Was your insanely successful older sibling born to achieve? Is your youngest child pre-programmed to seek the limelight?

Nope, says a massive new study analyzing the traits of 377,000 high school students. At least, the study says, not enough to make any practical difference.

In the end, researchers found that first-born children have a single-point advantage when it comes to IQ along with some measured personality differences from those who are born later.

First-borns were more "extroverted, agreeable and conscientious" overall, according to the study, which was published in the Journal of Research in Personality.

But the correlation on those personality differences is so tiny that it really doesn't speak to any noticeable effect between individuals born first and those born later.

"In terms of personality traits and how you rate them, a 0.02 correlation doesn't get you anything of note," University of Illinois psychology professor Brent Roberts, the study's lead author, said in a statement.

"You are not going to be able to see it with the naked eye. You're not going to be able to sit two people down next to each other and see the differences between them. It's not noticeable by anybody."

Added co-author Rodica Damian: "The message of this study is that birth order probably should not influence your parenting, because it's not meaningfully related to your kid's personality or IQ."

The researchers say their study is the biggest ever conducted on the subject of birth order, IQ and personality. It's also unusual in another way: Instead of comparing siblings from within the same family, as many smaller studies on the subject have done, it compared each individual participant to the rest of the sample. The study's authors also controlled for a number of factors that could have influenced the results: Family size, parental socioeconomic status, family structure, age and gender.

"[Within-family] studies often don't measure the personality of each child individually," said Damian, who was a postdoctoral researcher at the University of Illinois when the study was undertaken and is now a professor of psychology at the University of Houston. "They just ask one child, usually the oldest, 'Are you more conscientious than your siblings?' "

According to Roberts, "another major problem with within-family studies is that the oldest child is always older.
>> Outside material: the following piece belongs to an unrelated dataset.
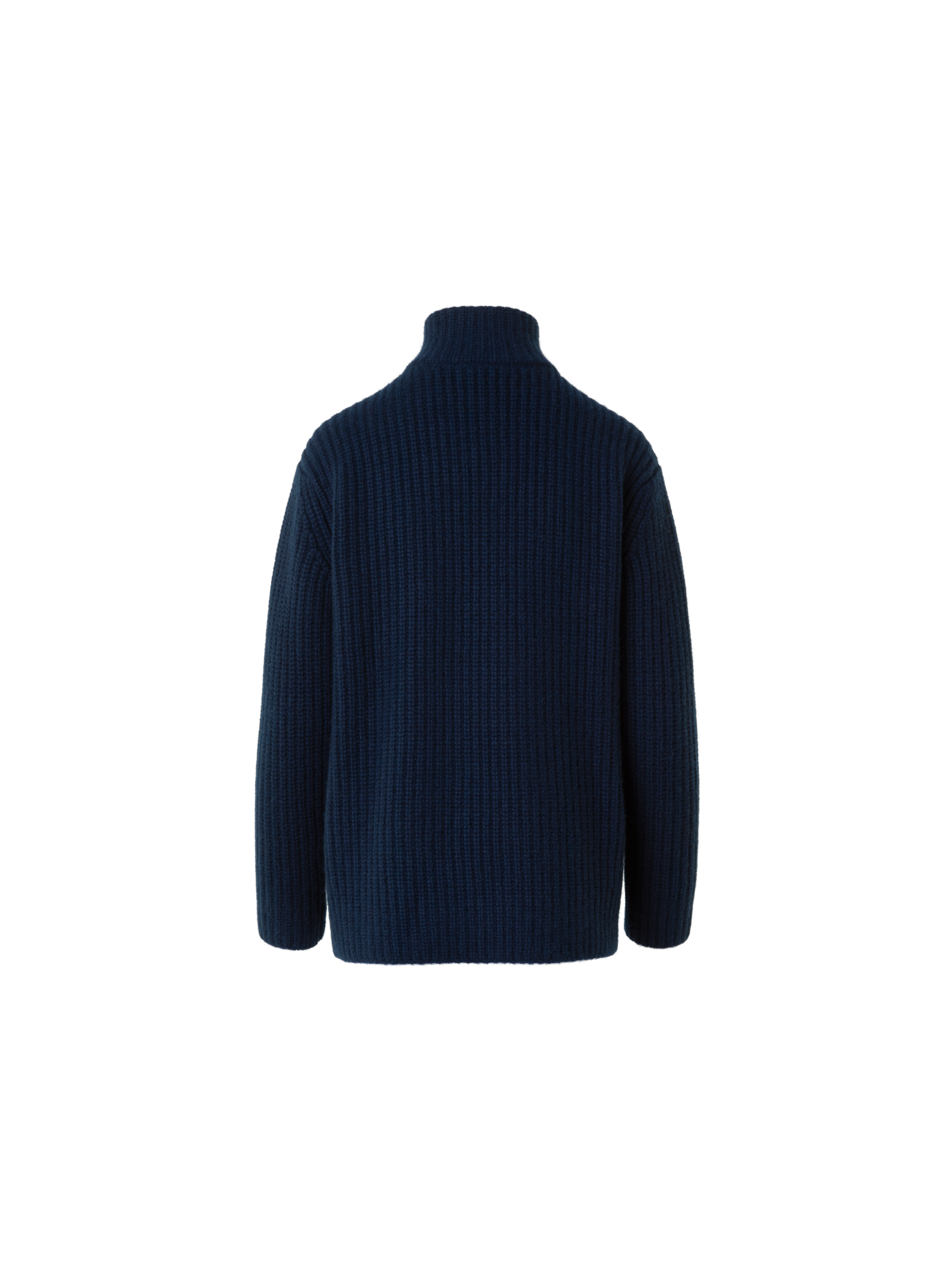 Designer Kaschmir Stehkragen Grobstrick Cardigan - Dunkelblau - Blau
People say, 'But my oldest kid is more responsible than my youngest kid.' Yes, and they're also older."

The authors suggested that a within-family study with a large sample size and a longitudinal approach -- in other words, one in which the researchers measured the oldest kid, and then waited for their younger siblings to grow up and reach the same age before being measured -- could also be an effective approach to looking at the same question.

The notion that birth order can determine a lot about your personality stems from the work of Alfred W. Adler, a onetime colleague of Sigmund Freud.

As the study notes, Adler's ideas about birth order were at the center of a huge disagreement that led to Adler's resignation from the Psychoanalytic Society. He eventually branched off on his own and founded the discipline of individual psychology.

The fact that Adler, like Freud, characterized first-born children as neurotic messes and middle children (of which Adler was one) as being relatively healthier probably had something to do with it.

Since then, the basis for those explanations has changed, but familiar breakdowns of personality traits that supposedly apply to each sibling by order of birth have been popularized by an entire genre of parenting books and pop-psychology resources.

That popularity often seems to have outpaced the actual evidence supporting the theory, something Damian and Roberts' work seems to underline.